Why I now strongly support the latest USS pension offer
[Please see my updated thoughts on the latest offer: “UCU members need to know what UUK will choose if they accept the proposal”.]
I had previously voiced some reservations regarding the joint panel of experts that figures centrally in this offer. My fear was that this would not add much, as there would be a deadlock between the two sides. I have since been informed — and this is confirmed by examination of the wording of the offer— that there are now many more points of common understanding between the employer and the union than there were a few weeks ago. As the result of the overwhelming strike ballots followed by fourteen days of strikes, plus such events as the revolt of the Oxford dons outside of the Sheldonian, etc., it is clear that employers have now come to a mutual understanding with the union of the importance to USS members of generous and reliable pension income throughout their retirement.
This mutual understanding comes through most clearly in point 5 of the offer:
The panel will make an assessment of the valuation. If in the light of that contributions or benefits need to be adjusted in either direction, both parties are committed to agree to recommend to the JNC and the trustee, measures aimed at stabilising the fund to provide a guaranteed pension broadly comparable with current arrangements.
This commitment “to provide a guaranteed pension broadly comparable with current arrangements” represents a huge shift in UUK’s position, from the one that underpins their 23 January proposal to reduce the DB salary cap to zero.

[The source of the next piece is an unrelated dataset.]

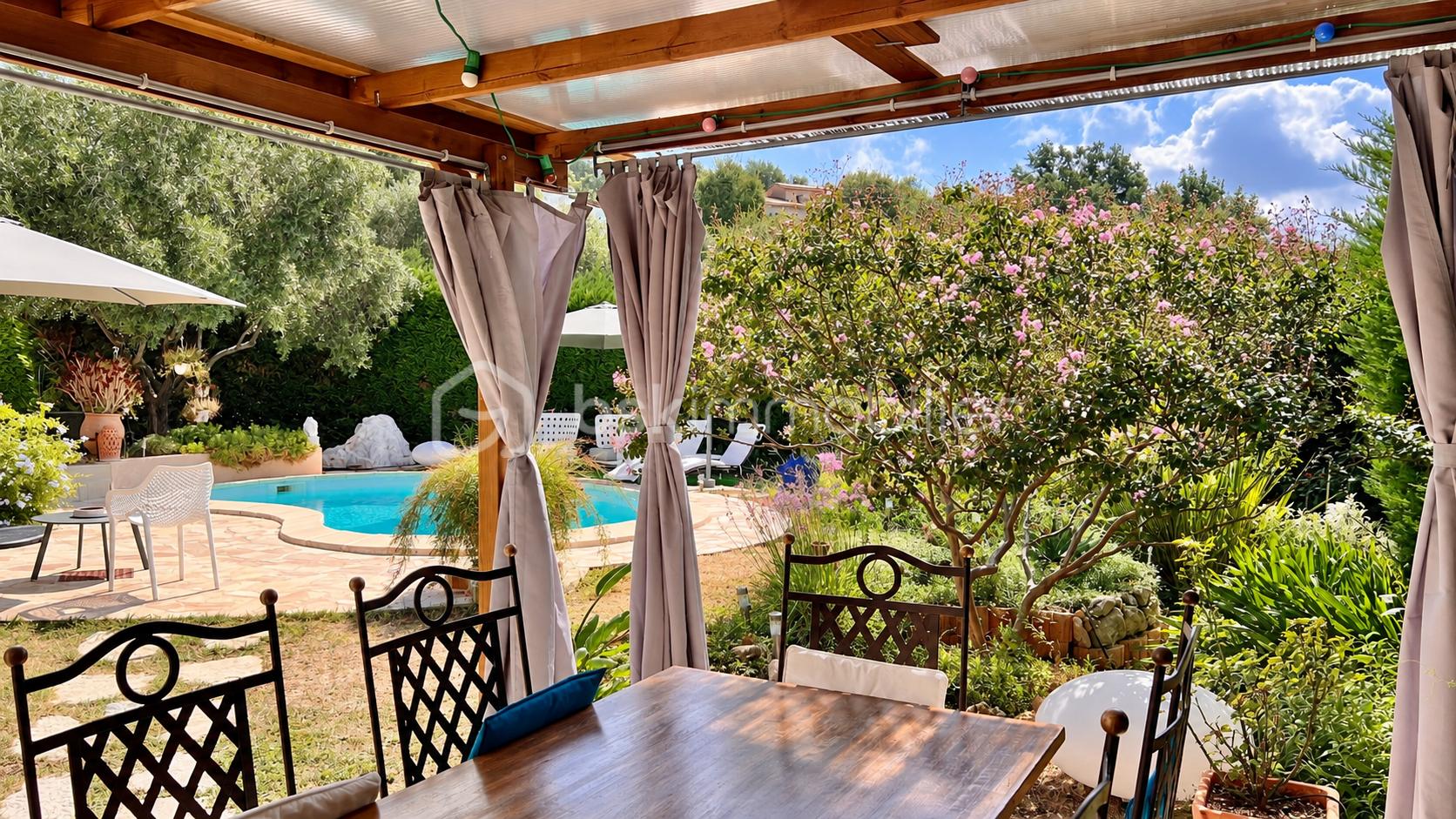 Vue naturelle sous une pergola fleurie-10.png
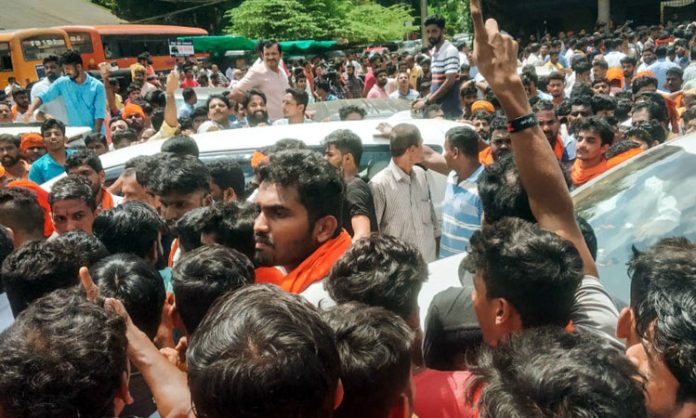 BJP Yuva Morcha leader ends life in Karnataka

Of course, the commitment is not at any cost. Point 4, for example, repeats the commitment to “a guaranteed pension comparable with current provision”, while also acknowledging that such commitment reflects “the clear wish of staff”. But it also notes that the provision of such pensions must meet “the affordability challenges for all parties, within the current regulatory framework”. This is simply a reflection of the constraints of social reality. There is, however, a commitment to discussion of “the role of government in relation to USS”. Presumably, this would involve efforts to lobby government to modify these constraints.
Employers and the union are now therefore united behind the end of finding a way to sustain a guaranteed pension broadly comparable with current provision. But they have not yet found a way to do so, within the constraints of the current valuation. As someone who has been closely following matters, and who has been trying to find a way to move things back to the September limits of these constraints, I can confirm that we’re not there yet.
There needs to be a more thorough exploration of the possibilities for sustaining something broadly comparable to our current pension provision, within constraints of affordability and acceptable level of risk. That is what the joint panel of experts will be assigned to do: to find a way of opening up the space to do so. Both sides will appoint members who share the goals spelled out in the text of the offer. And they will apply their expertise to try to come to a joint solution. There will, no doubt, be disagreements regarding affordability, risk, and the best pension design between people appointed by the two parties. But, rather than an antagonistic, zero-sum conflict, it will be a joint attempt to find fair terms of cooperation to the mutual advantage of employers and scheme members.
There is a genuine risk that it will be impossible to find a solution. Even if a solution is possible, each party enters this bearing the risk that the other party will not negotiate in good faith and will try to engineer a solution to their own, rather than mutual, advantage.
There is also the fact that it will be impossible to achieve full clarity, in advance, regarding the flexibility the Pensions Regulator will allow, regarding both timetable and the limits of an acceptable valuation.
It will also be essential that USS demonstrates a willingness to be as accommodating as possible, regarding timetables and the limits of an acceptable valuation.
We need to hope that, now that the employer and the union have finally achieved a mutual understanding regarding the importance of providing “a guaranteed pension broadly comparable with current arrangements”, tPR and USS will do all they can to make this possible, rather than standing in the way.